Before the trial court, Woodruff argued that it would be inequitable under the facts of this case to permit State Farm to raise the defense of noncompliance because State Farm refused to provide her with a copy of the insurance policy at issue and misled her about the nature of its decision to deny her claim. In response, State Farm maintained that Woodruff was properly on notice of its defense because it listed noncompliance as a potential defense in its answer and the doctrine of equitable estoppel did not otherwise apply. Because State Farm argued that it did provide Woodruff with adequate notice of its defense of noncompliance and lack of notice is relevant to our discussion of equitable estoppel, we shall examine whether State Farm properly asserted this defense.

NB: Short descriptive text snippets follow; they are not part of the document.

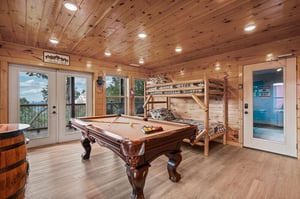 Pool table, twin bunk beds and balcony access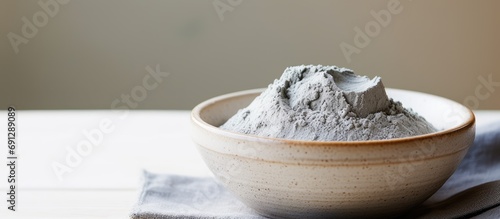 Close-up of gray bentonite clay in a small white bowl--DIY mask, body wrap recipe. Natural spa treatment, top view, copy space. photo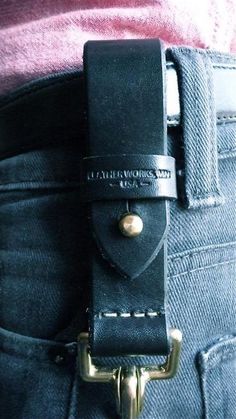 there is a black belt on the back of someone's jeans and it says leather works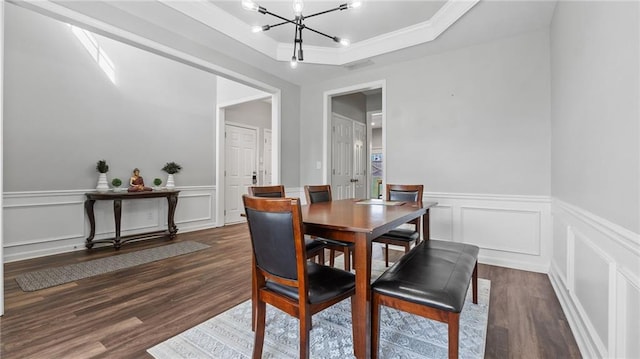 3525 Elder Field Ln, Cumming, GA 30040 - dining space with a chandelier, wood finished floors, a tray ceiling, a decorative wall, and a wainscoted wall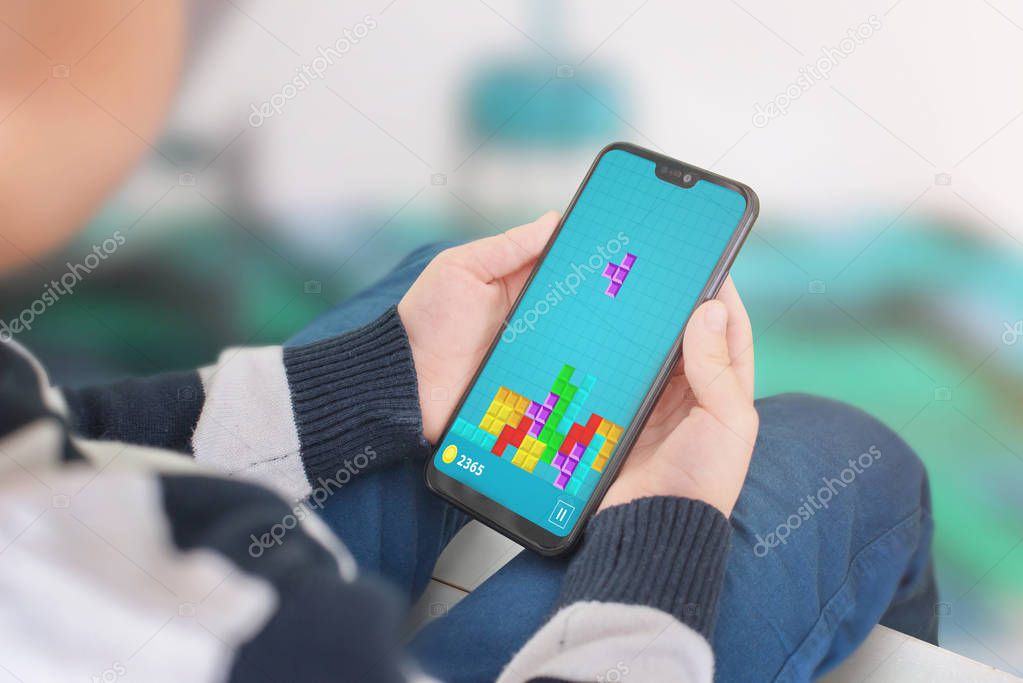 Boy play popular tetris game on his mobile phone. Close-up view over the shoulder.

For more than 150 years, Michigan courts have required defendants to provide plaintiffs with notice of certain special defenses. See Rosenbury v Angell, 6 Mich 508 (1859). The purpose behind the requirement was to "apprise the plaintiff of the nature of the defense relied upon, so that he might be prepared to meet, and to avoid surprise on the trial." Id. at 513; see also Walbridge v Tuller, 125 Mich 218, 220-221; 84 NW 133 (1900) (explaining that certain contractual defenses must be specially pleaded or waived and holding that the trial court did not abuse its discretion when it refused to allow the defendant to amend his answer to include want of consideration as a defense). As our Supreme Court and this Court have stated, the notice requirements applicable to a plaintiff's claims and a defendant's defenses are essential to the fairness and integrity of the adversarial process. Hormel's Estate v Harris, 348 Mich 201, 205; 82 NW2d 450 (1957) (stating that the requirement that a plaintiff plead the facts necessary to reasonably inform the defendant of the claims against him is necessary to prevent litigation from becoming a game of chance); Hall v Iosco County Bd of Road Comm'rs, 2 Mich App 511, 514515; 140 NW2d 761 (1966) (stating that the decision in Hormel's Estate applies equally to a defendant's duty to properly plead his or her defenses).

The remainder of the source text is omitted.